The Brouts grew up in New York City, influenced by the sounds of Sonic Youth, Black Sabbath and Jefferson Airplane from an early age. “Growing up we all naturally got into rock music; that was really the only thing we agreed on so we built our relationships on that foundation,” Madeline explains. “I think the New York and Brooklyn music scenes have changed a lot since the ‘70s but it’s still such a creative place and that always drove us.” The Brouts discovered guitars at the age of eight and started writing songs as a hobby, eventually becoming The Indecent when producer/A&R Tim Sommer—who helped develop acts like the Beastie Boys and Maroon 5—paired the group up with Windsor, Canada-based Burrows. The son of a drummer, Burrows and the Brouts quickly discovered that they had the same musical heroes and immediately solidified The Indecent’s developing sound.

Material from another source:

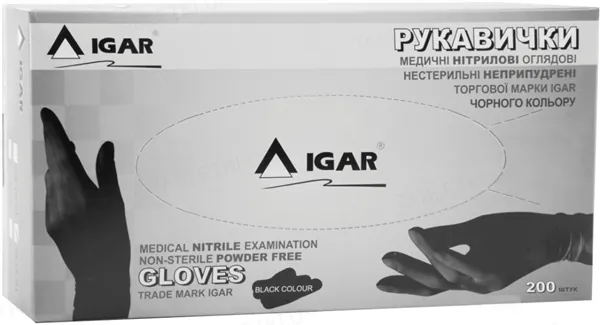 Рукавички оглядові IGAR нітрилові без пудри нестерильні, чорні, розмір М, 200 штук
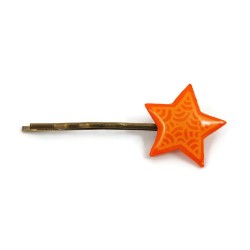 Eco-friendly hair pin in the form of orange star with pastel orange doodles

The Indecent started posting their homemade recordings online and immediately began drawing comparisons that ranged from grunge icons like Nirvana to proto-punk acts like Patti Smith. Tracks like the brooding “25 Steps” helped attract an active and devoted online following. Other bands took notice as well, and began recruiting The Indecent to join them on the road. Without a booking agent, the foursome has toured throughout the UK, landing on the cover of British fashion mag Disorder, and recently they took the stage in New York City for Joey Ramone’s Annual Birthday Bash at Webster Hall. Eventually their demos ended up on the desk of Warner Bros Records chairman and acclaimed producer Rob Cavallo. “We were just sitting around, and all of the sudden we got a call from Rob asking if we wanted to come to Los Angeles and record and we couldn’t believe it,” Emily explains. “I still almost can’t believe it even as I say that.”
Recorded at Lightning Sound and East West recording studios in LA with Cavallo and Julian Raymond, their debut EP is five songs of unbridled energy and aggression that’s rooted in rock’s gritty past while still stretching toward its future. From the sneering sonic punch of “Lucky Ones” to the radio-ready grandiosity of “Hear Them Fear Them,” the EP conveys the band’s personality and passion with every note. Oh and it doesn’t hurt that every second of this recording sounds absolutely huge.

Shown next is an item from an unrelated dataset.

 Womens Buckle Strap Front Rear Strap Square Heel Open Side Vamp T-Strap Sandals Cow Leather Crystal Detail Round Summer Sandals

Emily says her lyrics, which are rich in metaphor without being too cryptic, are inspired by the poetry she writes during her free time. “When we write a song usually I take out my journal and find some paragraphs that match up with the lyrics and then make the melodies from there. It all starts with the words for me,” she explains. “I tend to write about the questions that I can’t really answer - I use lyric writing as a release because it helps me get out what I’m feeling inside, which is why you can tell I mean what I’m saying onstage.”
While most bands today struggle to be accepted in an already established scene, the Indecent take pride in the fact that they don’t fit in anywhere neatly. “We’re not a pop-punk act but we’re also not like a typical Brooklyn band so I feel like we can appeal to both of those crowds,” Madeline explains. “I think we developed that sound because when we started out we were so young that we couldn’t really be part of a scene because I don’t think many people will take you seriously when you’re sixteen…it’s hard enough when you’re eighteen.”
If these songs are any indication people will have no choice but to take The Indecent seriously. With their full-length debut scheduled to come out in 2013, get ready to hear a lot more about the band in the months to come.